√ Pengertian Tanah, Proses, Jenis, Fungsi dan Manfaatnya

Posted on

Pengertian Tanah, Proses, Jenis, Fungsi dan Manfaatnya – Tanah merupakan sebuah media alam yang menjadi tempat tumbuhnya tanaman dan terdiri dari material-material gas, cair dan padat yang tumbuh di permukaannya.

Indonesia merupakan salah satu negara yang diberkahi tanah yang subur yang membuat banyak jenis tanaman sayur buah dan sayuran bisa tumbuh dengan baik.

Pengertian Tanah, Proses, Jenis, Fungsi dan Manfaatnya

Letak astronomis dan geografis Indonesia menyebabkan banyak jenis tanah yang ada di Indonesia.

Pengertian Tanah

Tanah bisa juga diartikan sebagai lapisan permukaan bumi paling luar yang terbentuk akibat proses pelapukan dan pengendapan. Tanah terdiri dari komposisi bahan organik, bahan anorganik, air dan udara yang dijadikan alat ukur untuk mengetahui perbandingan komposisi tanah yang proporsional.

Proses Terbentuknya Tanah

Proses terbentuknya tanah memiliki kaitan yang erat dengan faktor-faktor pembentuk tanah. Faktor-faktor yang membentuk tanah akan terlihat pada jenis-jenis tanah yang dihasilkan. Proses terbentuknya tanah melalui 4 tahap berikut ini.

Pelapukan Batuan

Pelapukan yaitu suatu fenomena menghancurnya massa batuan secara fisik, biologi maupun kimiawi yang memerlukan waktu yang sangat lama. Proses pelapukan mendapat pengaruh dari cuaca. Ada 3 jenis pelapukan, yaitu :

Pelapukan Fisik

Pelapukan fisik yaitu proses lepas dan hancurnya material-material batuan tanpa disertai perubahan biologis dan kimiawi menjadi partikel-partikel kecil.

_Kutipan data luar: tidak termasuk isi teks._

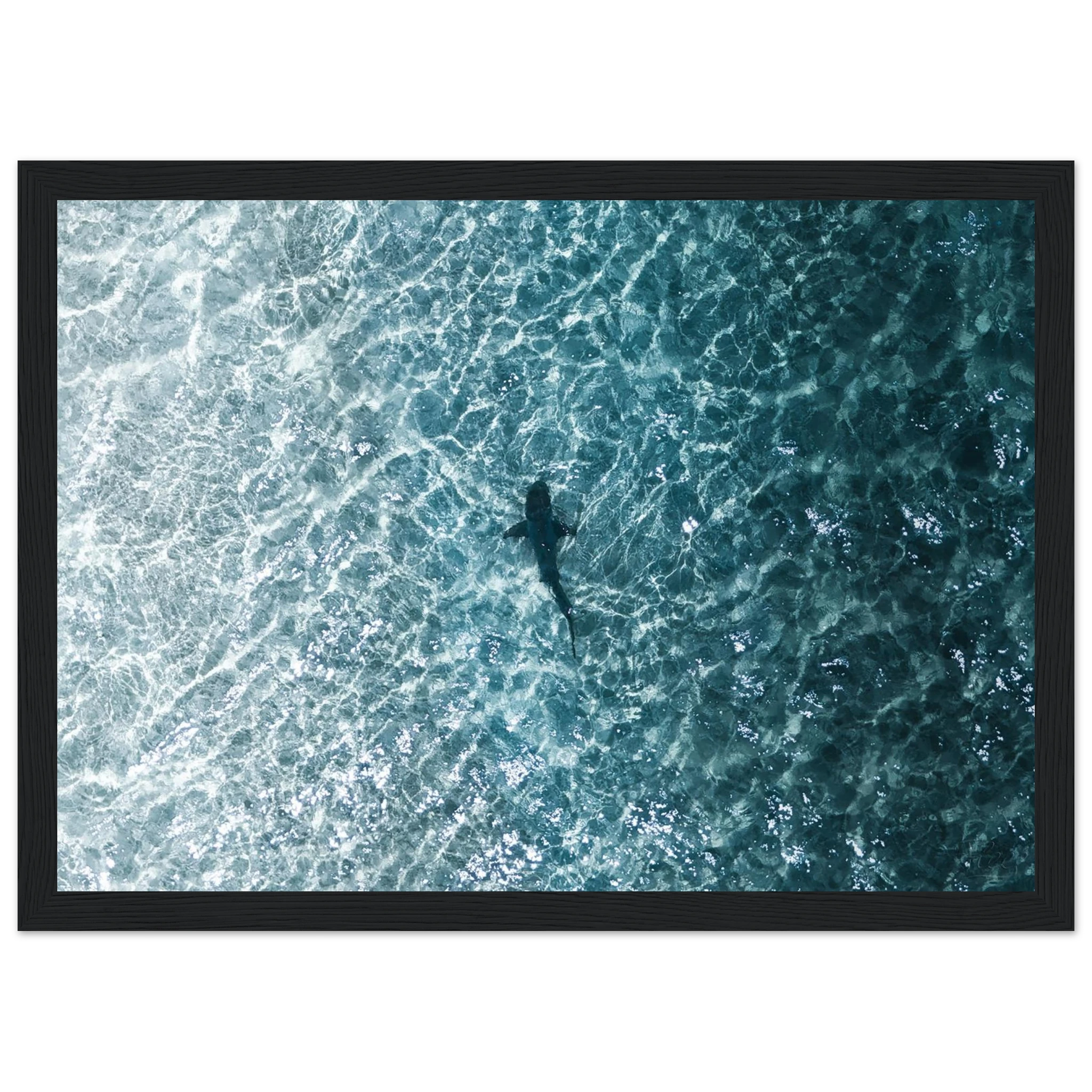 03e9a452-62bd-432c-8b9e-429af5305bf2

Faktor-faktor penyebab terjadinya pelapukan fisik, yaitu :

Baca Juga:  √ Pengertian Danau, Macam, Jenis, Contoh, Proses & Manfaatnya
Perbedaan Suhu

Perbedaan suhu akan menyebabkan pelapukan fisik dimulai dari memuainya batuan saat suhu panas dan menyusut jika suhu dingin. Keberlangsungan perbedaan suhu dalam waktu yang lama akan membuat batuan terpecah menjadi bentuk yang lebih kecil.

Erosi

Erosi memberikan pengaruh terhadap pelapukan sebab pembekuan air di antara batuan akan mengalami pertambahan volume lalu menimbulkan tekanan yang bisa merusak struktur batuan.

Pelapukan Kimiawi

Pelapukan kimiawi yaitu proses pelapukan massa batuan yang terjadi disertai dengan berubahnya susunan kimia batuan tersebut. Proses pelapukan kimiawi dibedakan ke dalam 4 jenis, yaitu :

  1. Hidrasi adalah proses lapuknya batuan yang hanya terjadi pada permukaan batuan.
  2. Hidrolisa adalah proses mengurainya air dari elemen-elemennya yang mengalami perubahan menjadi ion positif dan ion denatif.
  3. Oksidasi adalah proses munculnya karat pada besi. Batuan yang beroksidasi biasanya berwarna kecoklatan sebab kadungan besi ddalam batuan mengarat.
  4. Karbonasi adalah pelapukan batuan yang dibantu oleh gas karbon dioksida. Gas tersebut ada dalam air hujan saat masih berupa uap air. Pelapukan kimiawi pun bisa disebabkan hujan asam. Hujan asam merupakan pengembunan sulfur, klorida dan metana yang dibawa oleh hujan dan besifat korosif.
Pelapukan Biologis

Pelapukan biologis yaitu pelapukan oleh makhluk hidup yang berlangsung secara terus menerus setelah terbentuknya tanah. Pelapukan biologis adalah pelapukan penyempurna dari sifat-sifat tanah yang akan terbentuk kemudian.

Pelunakan Struktur

Pelunakan struktur sangat dibantu oleh air dan udara yang masuk melalui celah-celah remahan batuan supaya strukturnya melunak. Air dan udara juga membantu calon tumbuhan untuk muncul ke permukaan, namun hanya beberapa organisme yang mampu berkembang di tahap ini.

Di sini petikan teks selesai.